Tips for remote studying
Last term was the first time that many of us had to work or study from home for a long period of time. This means that as a current uni student, I can offer some advice for the freshers of 2020.
Moving to a new city, making new friends, and starting academic study at a higher level can all be quite intimidating. But it’s important to remember that it will take time to find new rhythms, and that ultimately, you need to take care of yourself.
With that said, let’s get on with some tips for remote studying!
1) Try to set up a different space for working and resting
I know this one could be difficult, especially if you end up studying in your room more than in the library or cafes. But as a basic rule: try not to work in bed, and try not to watch Netflix at your desk.
If you can, separate your work and rest environments as much as possible. You will find that you can switch off and on more quickly, work more effectively, and have much better sleep.
2) Work with other people
Just because you need to socially distance doesn’t mean you can’t work with other people. Find out the spaces that are available to you, libraries, study rooms, cafes, even your kitchen/living space, etc.

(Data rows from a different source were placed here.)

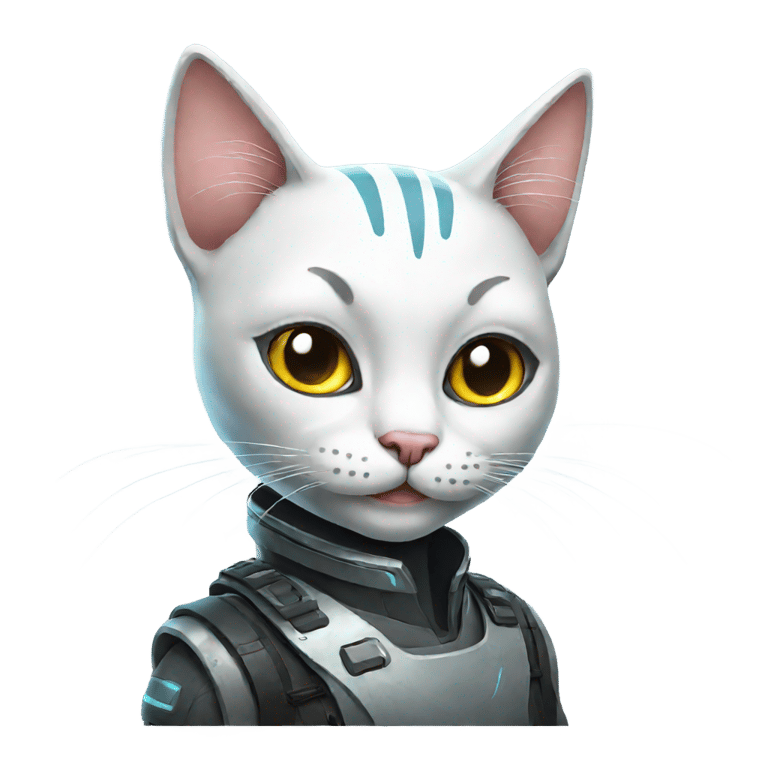 genmoji: Futuristic cat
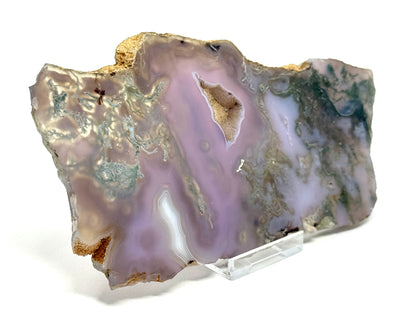 Purple Moss Agate Crystal Slice 16.9cm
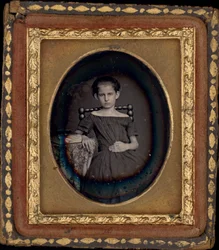 Portret van een meisje,c. 1850 (foto)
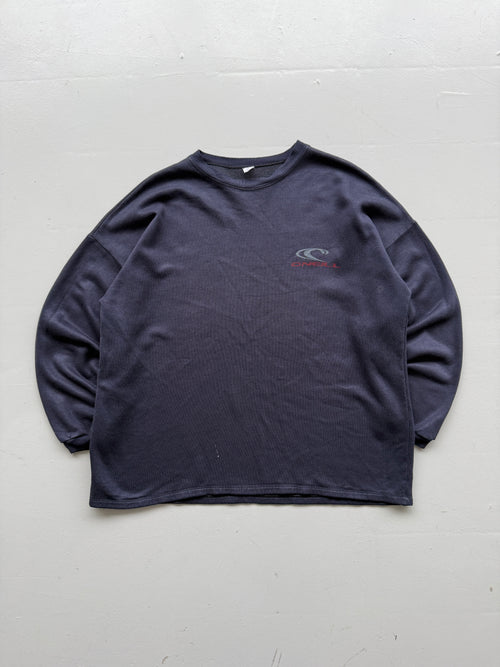 Navy Blue O'Neill 90's Vintage Surfer Graphic Sweatshirt Jumper - Large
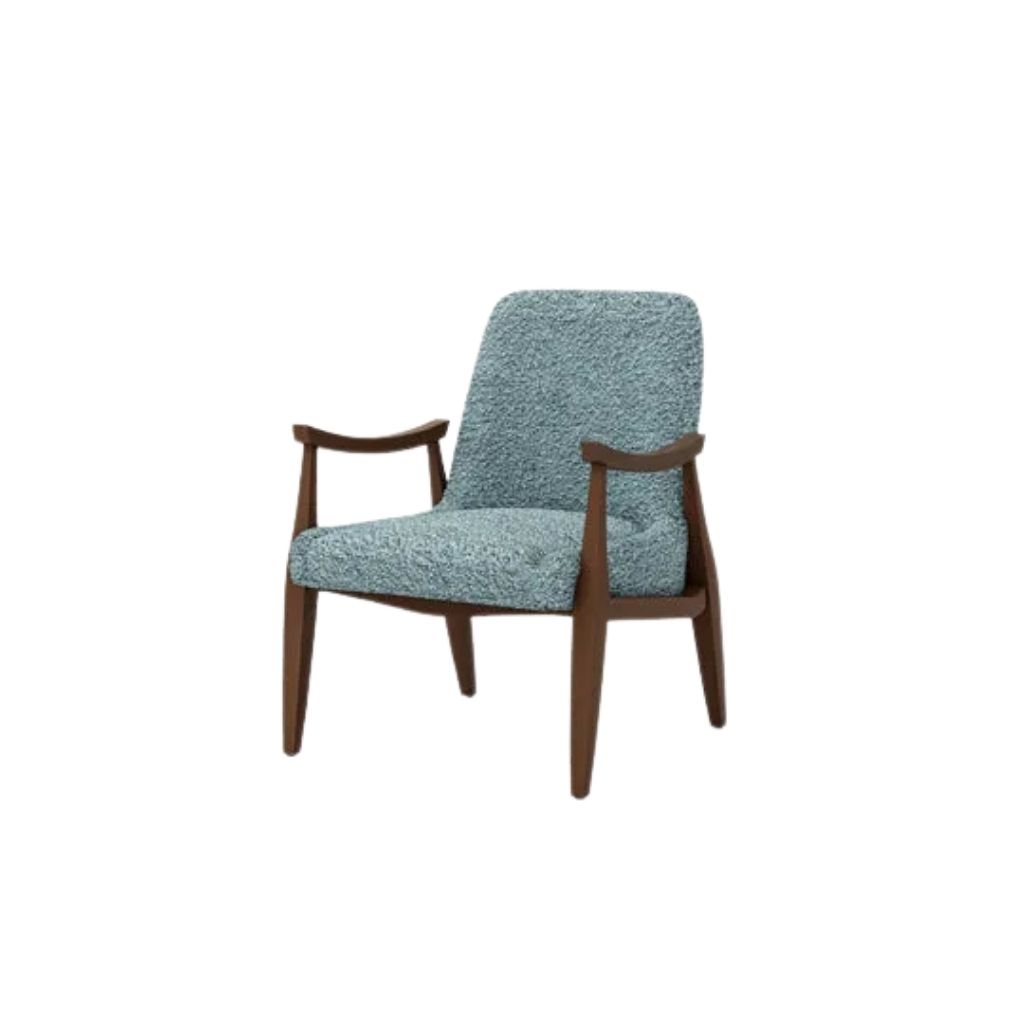 Keller Armchair-Boucle Fabric - With Beech Wood Frame 4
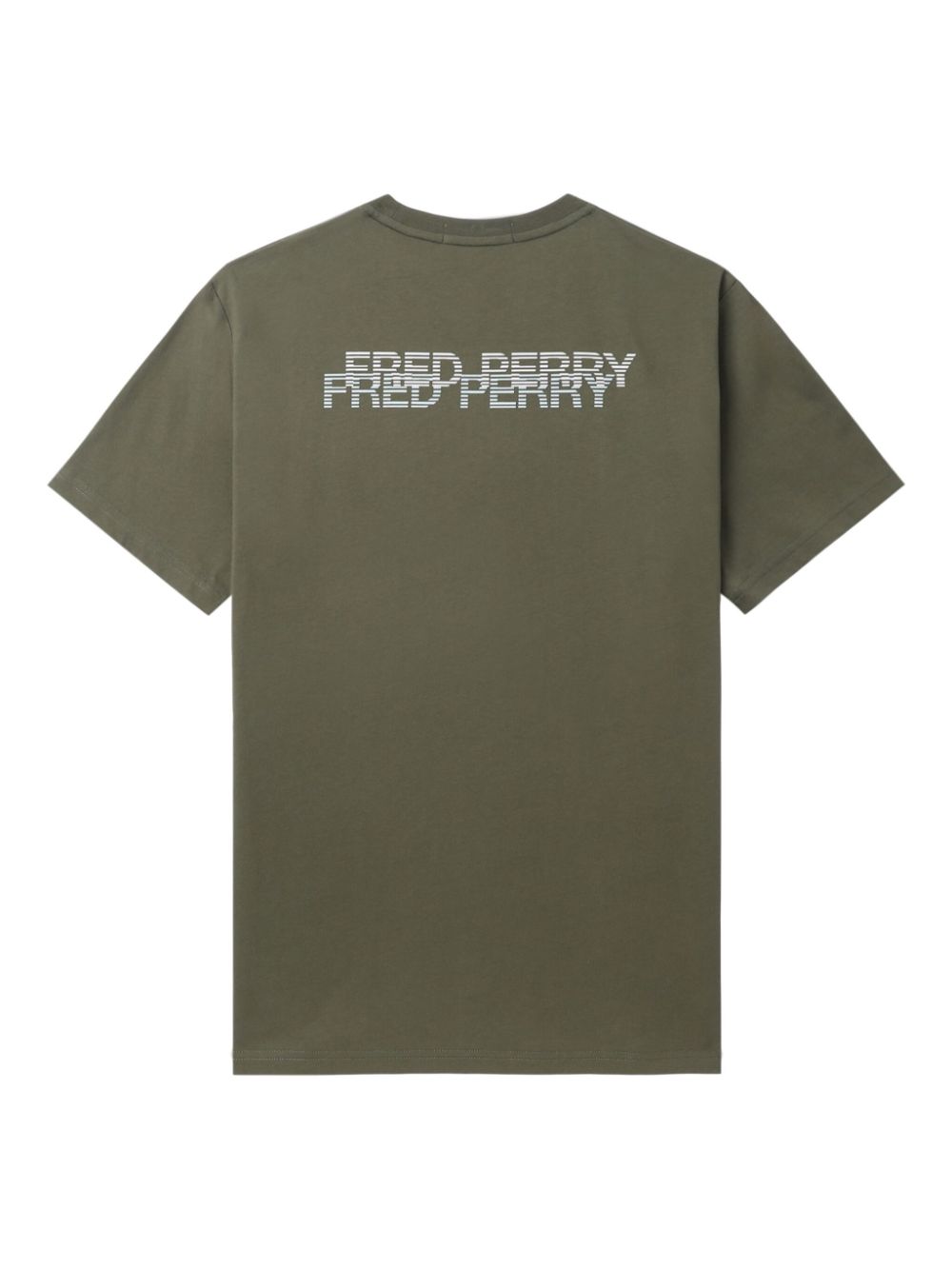 logo-embroidered cotton T-shirt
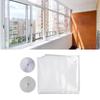 Window Cover Insulating Film Cuttable Hook And Loop Thicken Reusable Winter Cold Protection Film Med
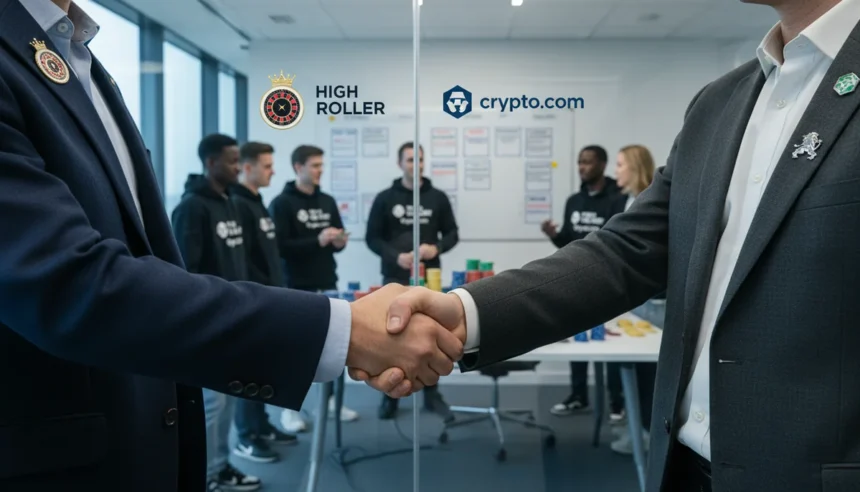 High Roller Technologies Executes Definitive Agreement with Crypto com to Enter Over 1 Trillion U S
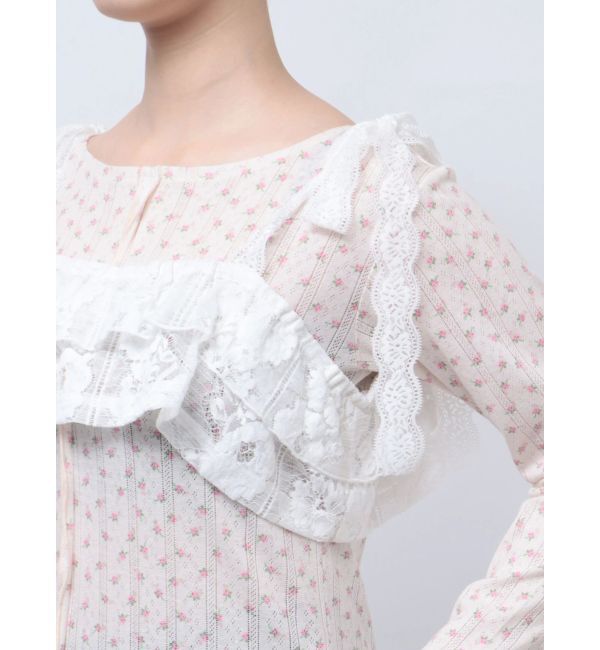 merry jenny「レースティアードビスチェ」|キャミソール|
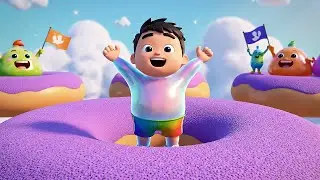 Fall Guys Jelly Runner Jumps Over Spinning Obstacles | Nursery Rhymes for Kids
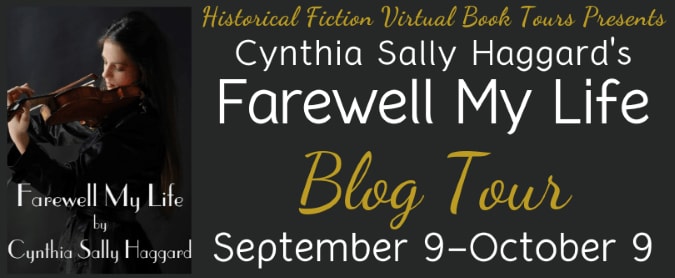 On Tour With Cynthia Haggard Featuring Her Book *Farewell My Life* @cynthiahaggard @hfvbt #CynthiaSallyHaggard #HFVBTBlogTours #giveaway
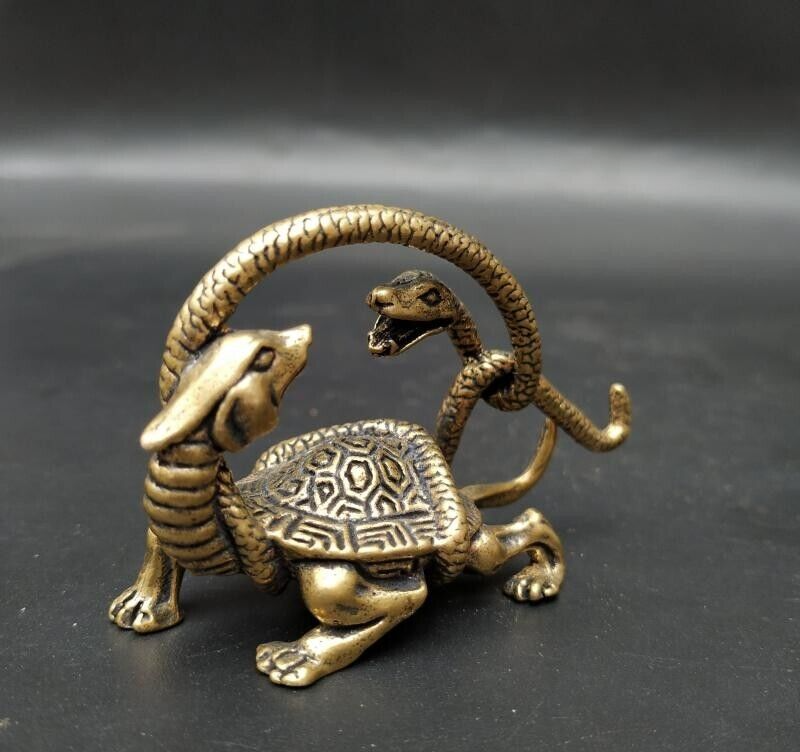 Antique Bronze copper Snake Antique Bronze Wild Animals figurine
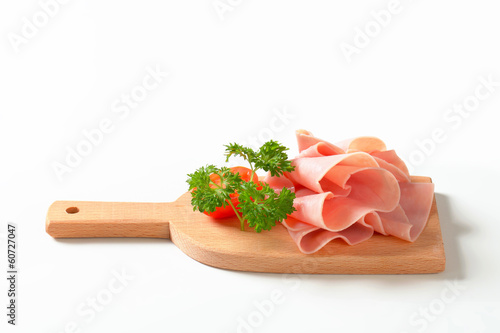 Photo: Sliced ham Sliced ham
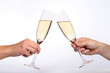anstoßen mit Sekt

Working with other people will help you not feel isolated, which is likely to happen if you’re working remotely and moving to a new uni at the same time.
If you can’t find anyone to physically work with, see if anyone from your course wants to work with you over Zoom. Even if you never talk, it’s nice to know that someone is there.
3) Make your own timetable for when you will watch lectures
Having recorded lectures can be a blessing and a curse. You no longer have to wake up for a 9am, or even get dressed, but on the flip side, it’s easy to fall behind if you keep putting the lectures off.
It’s helpful to make a weekly timetable of when to watch each lecture, rather than having to play catch up at the end of term. Trust me, you are way less likely to watch all your lectures if you have 15 of them piled up.
You can always make a timetable with other people from your course and watch the lectures together for extra motivation.
4) Make set times for work and rest
Working or studying from home means that the lines between work and rest are more blurred than ever. So on a similar vein as working and resting in different places, try to set “office hours” for yourself.
I know I work best from 10am-4pm, so I try and do the bulk of my work in this time and have a ‘no working after dinner’ rule.
This helps me avoid procrastination as much as possible, meaning that I don’t spend days on something which should only take a few hours. Above all, avoid all-nighters!
I hope these few tips are helpful, and feel free to let us know if you have another tip for remote learning.
You should also check out a series of recorded talks on ‘skills for remote study’ by the University of Oxford, which is currently accessible for anyone. And it is also worth checking to see if your uni has any specific advice on their website.